The authorities will introduce new drugs into the positive list on the basis of criteria set in MD 2912/B/30.10.2012 and related regulation, subject to prescription guidelines, and with prices set at the level of the lowest three in the EU or lower if the authorities can negotiate a rebate. By December 2017 the authorities will set-up an HTA centre that will inform the inclusion of medicines in the positive list.

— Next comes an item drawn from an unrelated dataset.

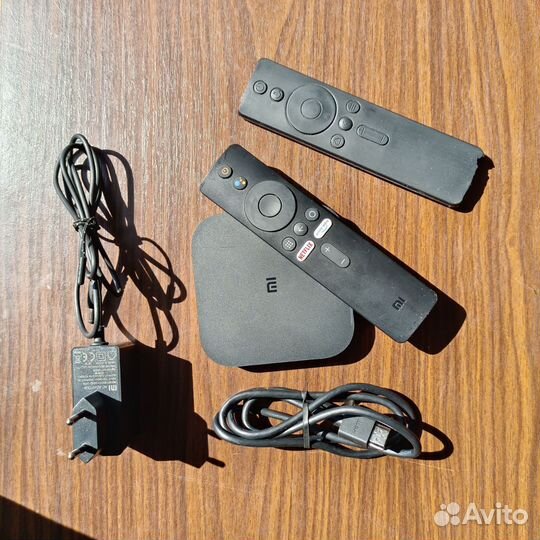 TV-приставка для телевизора Xiaomi Mi Box S 2nd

To improve financial management of hospitals, the authorities will by December 2015 (key deliverable) deliver a plan to adopt DRG or other international standard activity-based costing methodology in hospitals within the next three years; by December 2017 they will implement the new DRG or alternative activity-based costing system; by June 2016 they will deliver a plan to conduct annual independent financial audits of hospital accounts, with implementation to begin in 2017, and for all hospitals to be covered by 2018. To this end, they will make use of the available Technical Assistance support.
To assess the performance of health care providers, both public and private, EOPYY will continue to collect and publish relevant data on a monthly/quarterly basis. By June 2016, the authorities will develop an assessment of public sector capacity by region and by specialty and will use this to review the need for commissioning private providers per region; and they will develop a new electronic record for patients. By August 2016 they will develop a new system of electronic referrals to secondary care based on e-prescription and the electronic record and allowing the monitoring of waiting times. By June 2017, the authorities will develop a plan to pre-approve referrals to private sector providers based on the electronic patient record, the system of electronic referrals and the mapping of public sector capacity. Over the next three years, the authorities will develop therapeutic protocols for the patient care pathways (primary and secondary care) for the pathways that have the greatest therapeutic and cost implications, to be implemented through the e-prescription system.
The authorities will closely monitor and fully implement universal coverage of health care and inform citizens of their rights in that regard and they will proceed with the roll out of the new Primary Health Care system and the issuing of an MD as envisaged in Law 4238 by December 2015. To this end, they will make use of the available Technical Assistance support.